Improve graceful disconnection handling for LoadBalancing::Host

Extracted from !130432 (comment 1536438094)

In !130432 (merged) we reduced the amount of time we spend waiting to gracefully disconnect hosts before force disconnecting. The idea of "graceful" disconnection, however, is flawed in 2 ways. It looks like:

        def try_disconnect
          if pool.connections.none?(&:in_use?)
            pool.disconnect!
            return true
          end

The first problem here is a threading race condition where connections can become "in use" before we trigger disconnect!. But the second flaw is that so long as the pool is healthy and the application is receiving steady traffic it's very likely there will never be pool.connections.none?(&:in_use?) because the application will constantly be checking out and in connections from the pool for traffic.

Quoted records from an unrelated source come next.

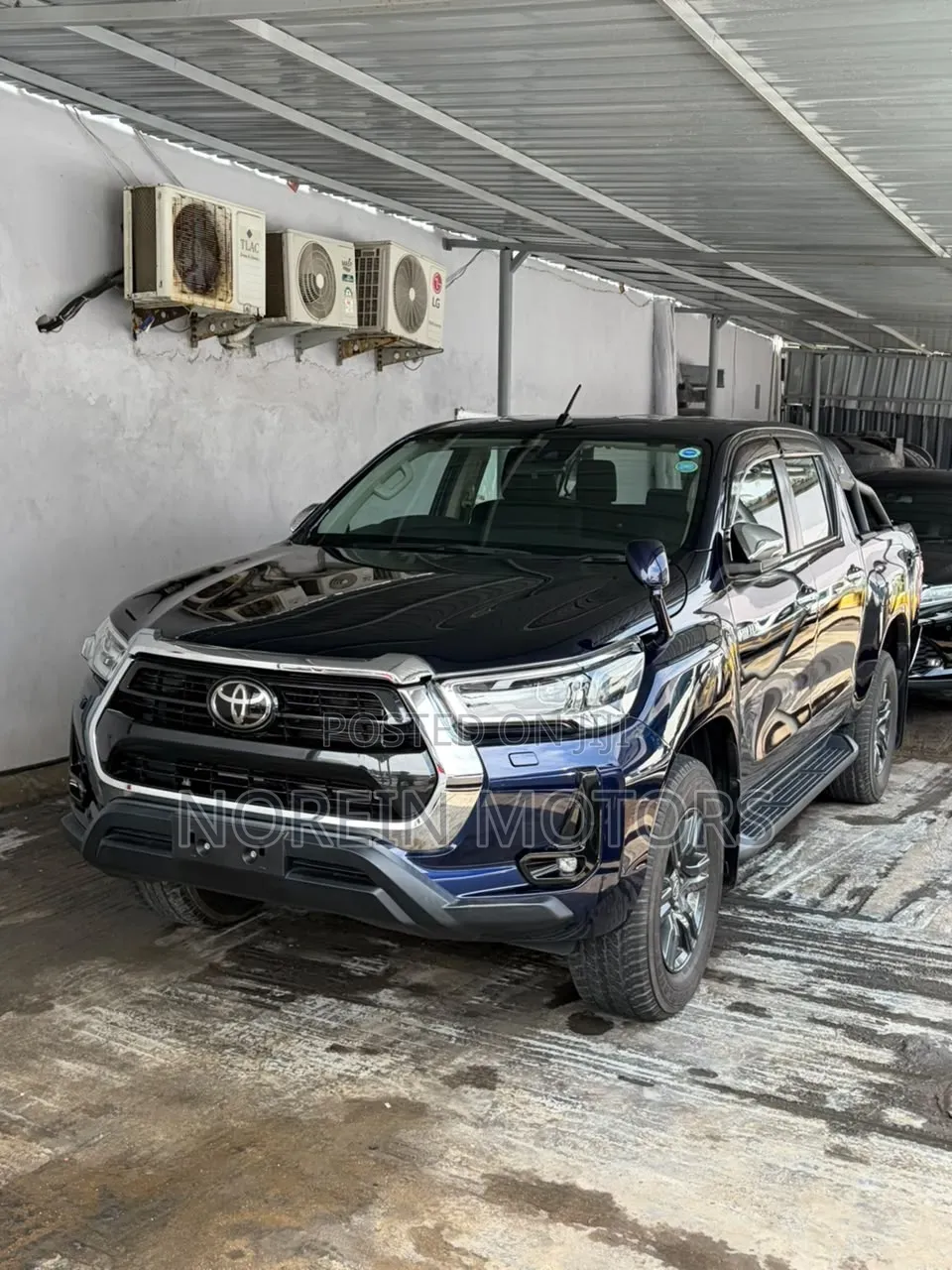 Toyota Hilux 2019 Blue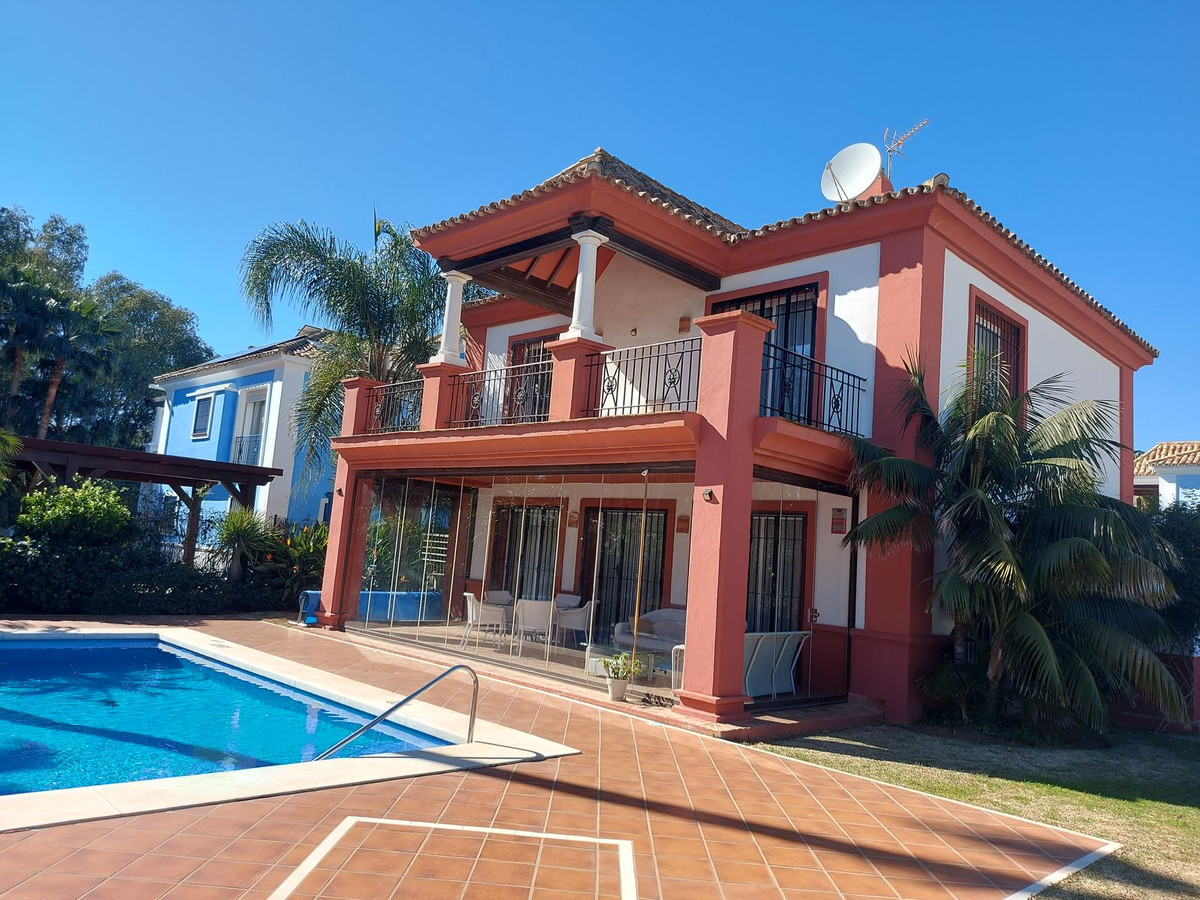 Vrijstaande Villa te koop in La Duquesa R4631557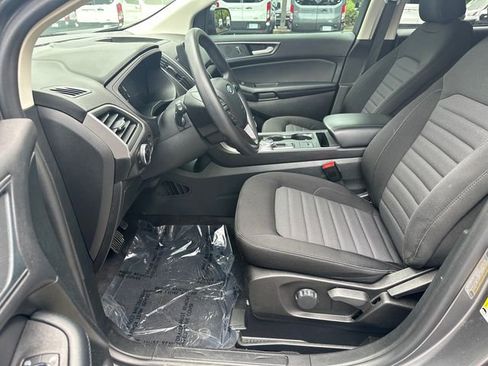 Used 2024 Ford Edge SE w/ Black Appearance Package AWD/4WD image 11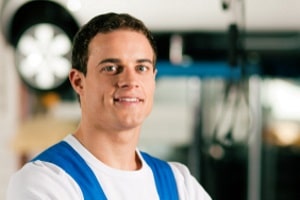 Ein Experte kann Autos mit möglichem Hagelschaden professionell begutachten.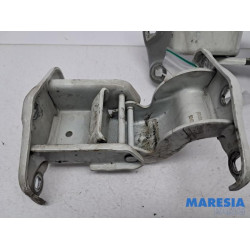 Renault - Trafic - Rear door hinge, right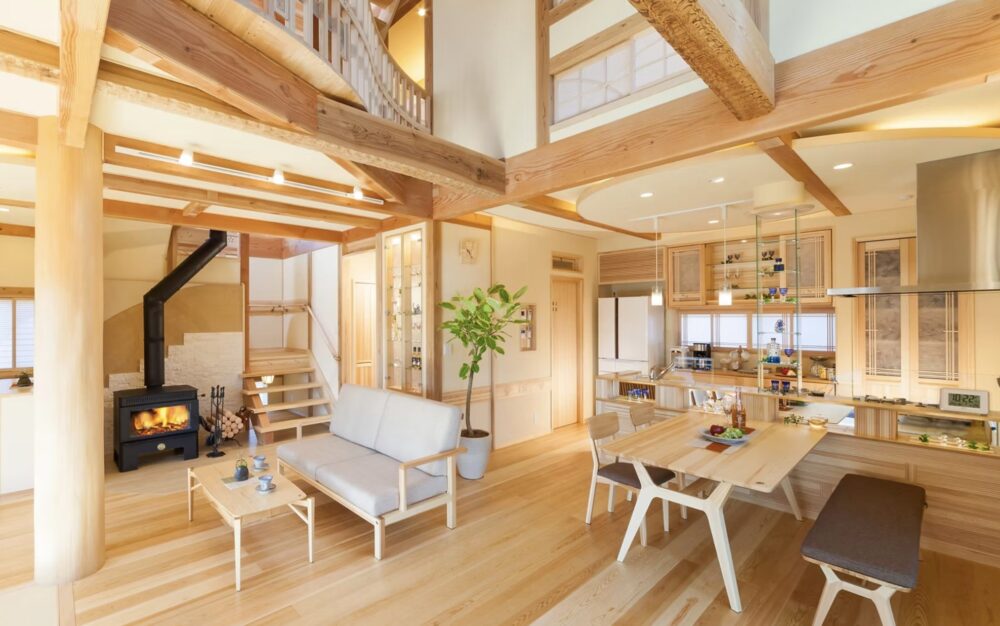匠建のロフトと薪ストーブがある無垢材のLDK施工事例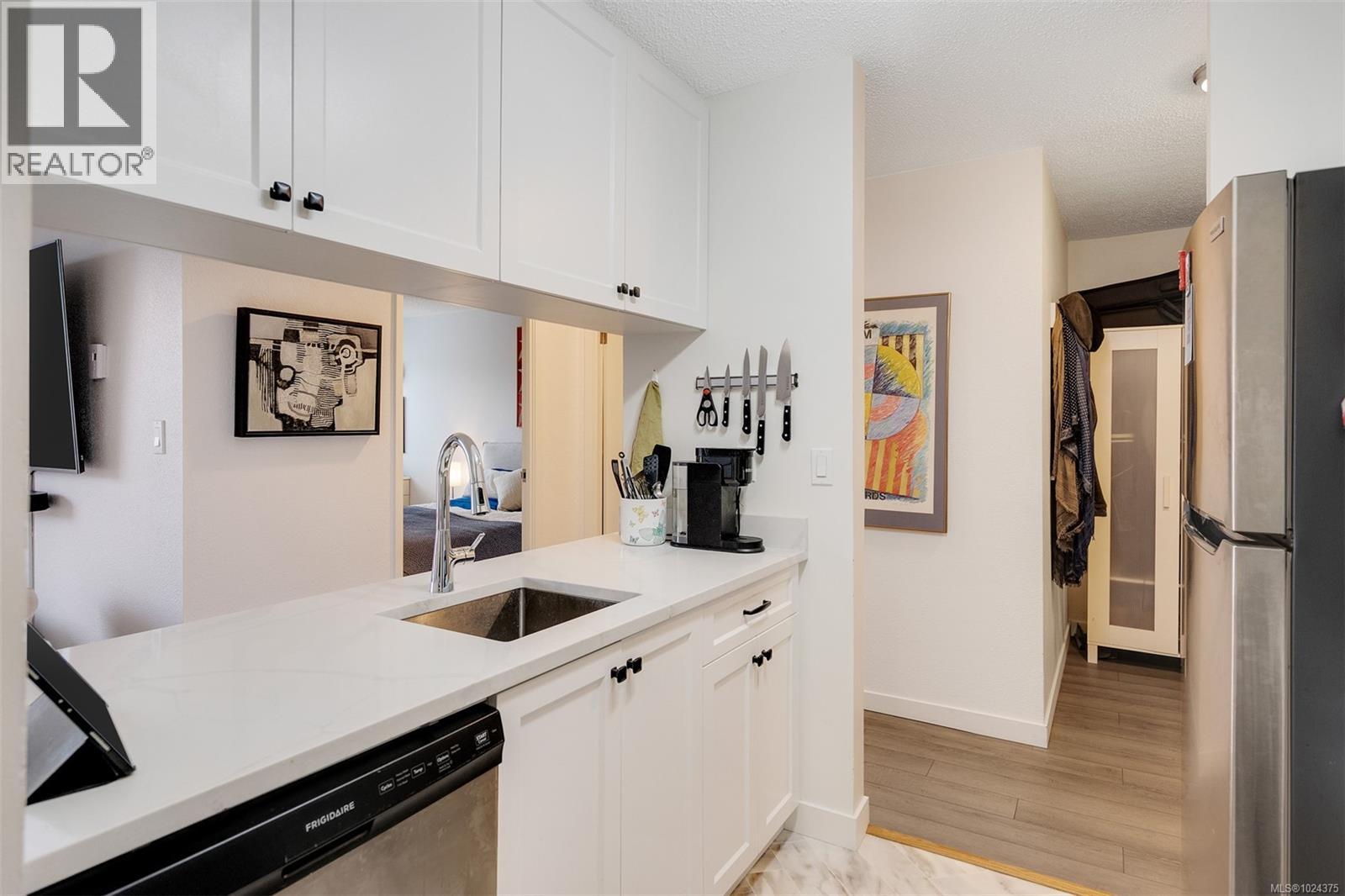 401 1630 Quadra St, Victoria, British Columbia  V8W 3J5 - Photo 13 - 1024375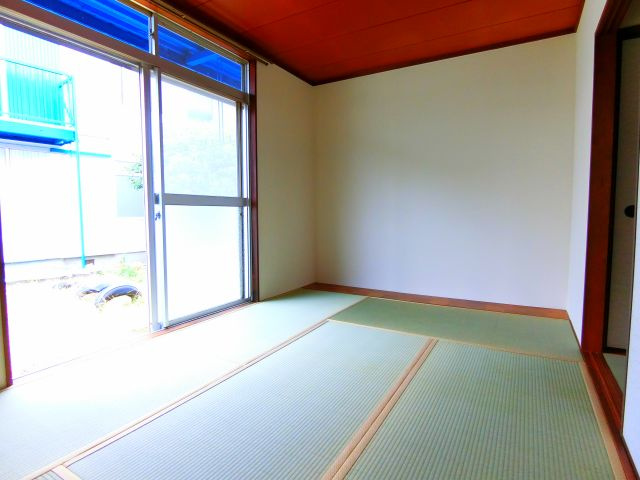 ブルースカイハイツB棟の和室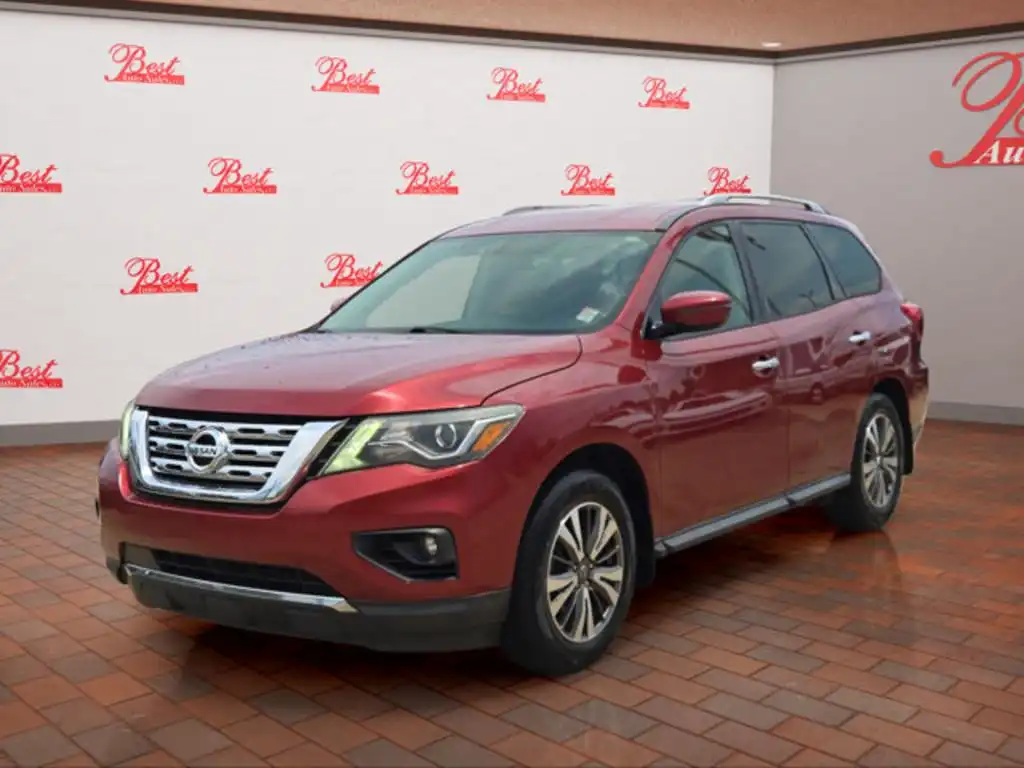 2017 Nissan Pathfinder SV 2WD's photo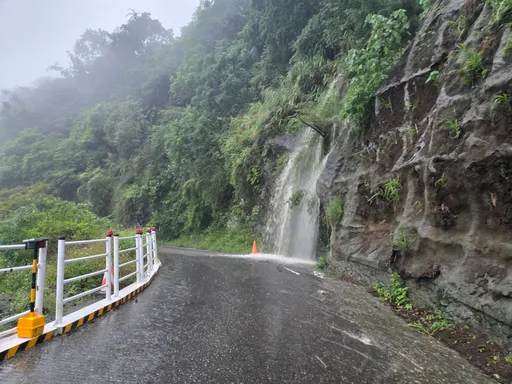 康芮颱風強勢登台　花蓮赤科山、六十石山產業道路今晚封閉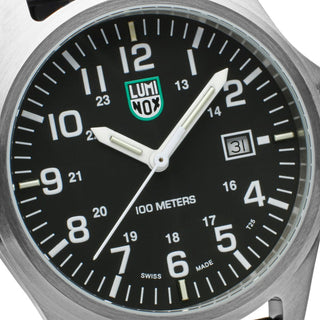 Patagonia Steel, 43 mm, G-Collection watch - X2.2504	, Detail view of the watch dial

A better way to handle both of the above problems is to mark a pool or LoadBalancing::Host as @disconnecting first and then ensure that our LoadBalancing::LoadBalancer never picks a Host that is @disconnecting. Then we can fix the race condition because we know that once we have no connections in use then we won't get any more. Plus we can fix the main problem that we never actually get to 0 connections in use. This might get rid of the cases where graceful disconnects timeout and could substantially reduce the time it takes to handle disconnections in ServiceDiscovery.